The man renting a Franklin building where police discovered a large marijuana-growing operation told the owner he was working on an invention and needed complete privacy.
The growing operation that contained nearly 500 plants was a complex system that could run on its own, police said. Police found a calendar tracking planting and harvest dates, expensive growing lights that could be moved up or down as plants grew, a circulating irrigation system that recycled its own water and multiple automatic timers that would flip the various systems on and off as needed.
None of the irrigation systems was running when police entered the building at Hurricane Road and Eastview Drive, but the pumps automatically flipped on a short time later while police were investigating, Franklin Deputy Police Chief Chris Tennell said.
“This guy knew what he was doing. It was a pretty sophisticated grow,” Tennell said.
The building sits at a high-traffic intersection, but the pot-growing operation likely went undetected for so long because it is heavily automated, Tennell said. The building was also sealed so anyone passing by wouldn’t notice anything unusual.

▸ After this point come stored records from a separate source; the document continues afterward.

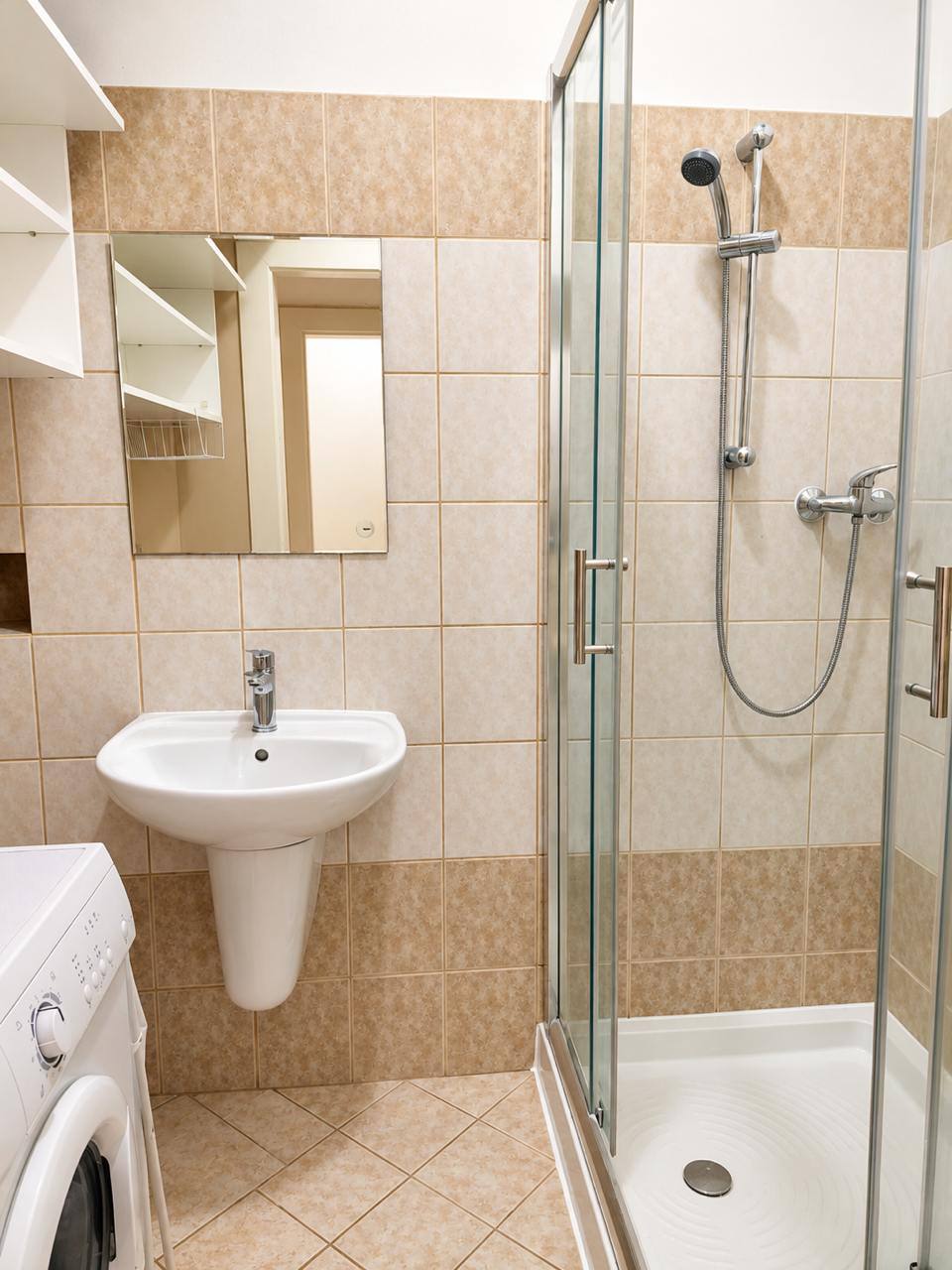 Furnished 1-Bedroom Apartment near Flora Metro photo 5 of 6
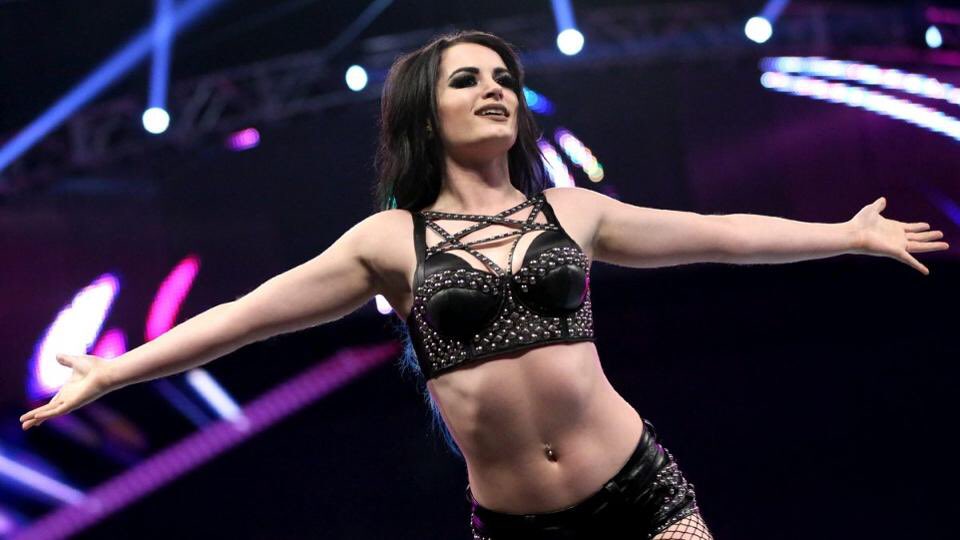 wrestlingnet04's tweet photo. What did u like most about #Raw ( #RAW ) 

LIKE = @RealPaigeWWE 
RETWEET=@WWERomanReigns 

#WWE https://t.co/v7gmkJxk0g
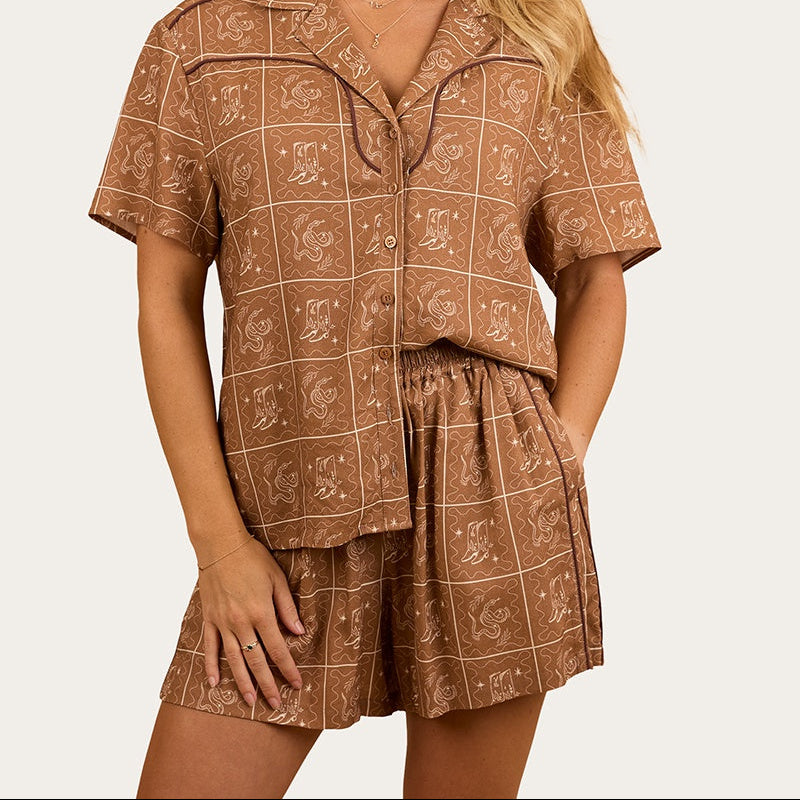 Cody Womens Short Almond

Franklin police discovered the growing operation on Feb. 22 after an officer stopped a vehicle near the building. During the stop, he smelled marijuana, determined it wasn’t coming from the car and was instead being vented out of the nearby building. Police got a search warrant, went inside and found the marijuana.
No charges have been filed; no arrests have been made; and the investigation is ongoing.
Investigators contacted the man who has rented the building since October 2012, but he hired an attorney and is not talking to police, Tennell said. Police are continuing to gather information and attempting to locate the other people involved in the growing operation, Tennell said.
Police asked residents to call in with any information that might be connected and have received some useful tips, including information from other police departments and names of people who live in the area that had been associated with other pot-growing operations, Tennell said.
Police know that other people were involved with the growing operation and are trying to find them, he said. Investigators have talked to the owner of the building, as well as other nearby properties, and he is cooperating and sharing information with police, Tennell said.
The utilities for the building were not in the owner’s name, but police would not say whose name was on the bills. Police have subpoenaed all of those bills and have been able to determine that the growing operation likely started in December 2012 or early January 2013, Tennell said.
The growing operation was using about 800 of the 2,400 square feet in the brick building. The 500 plants, which included seedlings, counted by Indiana State Police would produce about 31 pounds of marijuana. If the operation were running continuously at that size, it would produce at least 186 pounds of marijuana per yer.
Since the marijuana was being raised with frequent light, watering and care, the end product would be higher quality to smokers and therefore have a higher street price, Tennell said. High-quality marijuana could sell for as much as $300 an ounce compared to low-quality marijuana, which would cost about $100 per ounce. Assuming an average price of $200 per ounce, those 500 plants represent about $100,000 worth of pot, Tennell said.
Marijuana likely had been growing at that building for more than a year before police discovered it. The growers likely didn’t start out with 500 plants and probably added lights and pumps over time, Tennell said.
The inside walls were sealed with thick, insulating wrap that is often used to seal houses under construction before bricks or siding are put up. That wrap covered the windows and doors, so someone driving past at midnight wouldn’t see a light on in what appeared to be a vacant industrial building, Tennell said.
Inside, the lights, irrigation and vents were controlled by automatic timers so the system wasn’t running nonstop. The irrigation system was self-circulating so that new water would not need to be continually added.
The growing lights, which police said cost about $2,000 each, were on adjustable supports so they could be easily raised as the marijuana plants grew taller and then lowered back down when a new shorter set of plants were swapped in, Tennell said.
Since the vents were hooked up to the timers, air would be pumped out of the building only at certain times, Tennell said. The vents could be heard from outside the building, so they likely weren’t running all the time, he said. That meant the traffic stop leading to the discovery happened to come at just the right place and time to uncover the operation.
Police interviewed nearby businesses and property owners, and none had any idea that a large marijuana operation was nearby. On the night of the raid, police didn’t expect to find anything as large as they did inside the building either, Tennell said.
“They didn’t know they weren’t going to walk in on a guy sitting on a plastic bucket smoking a joint,” Tennell said.